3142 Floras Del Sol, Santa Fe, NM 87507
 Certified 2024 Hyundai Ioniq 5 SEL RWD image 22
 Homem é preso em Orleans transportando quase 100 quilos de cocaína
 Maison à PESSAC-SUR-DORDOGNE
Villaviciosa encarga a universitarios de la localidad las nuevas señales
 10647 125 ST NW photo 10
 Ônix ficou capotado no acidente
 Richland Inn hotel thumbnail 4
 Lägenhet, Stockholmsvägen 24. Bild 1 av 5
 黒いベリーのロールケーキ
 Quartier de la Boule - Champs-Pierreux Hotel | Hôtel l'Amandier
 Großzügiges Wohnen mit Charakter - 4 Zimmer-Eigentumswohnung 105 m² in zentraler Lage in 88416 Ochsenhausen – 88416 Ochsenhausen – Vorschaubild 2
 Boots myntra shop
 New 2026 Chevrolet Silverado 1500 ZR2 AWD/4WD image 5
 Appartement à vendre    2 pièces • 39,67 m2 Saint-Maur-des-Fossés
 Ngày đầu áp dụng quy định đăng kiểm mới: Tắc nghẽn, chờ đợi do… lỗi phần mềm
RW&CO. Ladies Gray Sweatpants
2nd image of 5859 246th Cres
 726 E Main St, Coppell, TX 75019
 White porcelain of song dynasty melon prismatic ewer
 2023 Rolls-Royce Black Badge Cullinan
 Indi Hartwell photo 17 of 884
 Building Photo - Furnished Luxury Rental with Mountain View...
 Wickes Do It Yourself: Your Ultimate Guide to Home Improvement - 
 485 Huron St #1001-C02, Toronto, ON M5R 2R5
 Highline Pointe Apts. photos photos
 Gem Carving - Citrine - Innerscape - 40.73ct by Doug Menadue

═══

**Your objective**
Some lines of the listing may include the string "image". Tally them and report only the total.

**Answer for the task**
3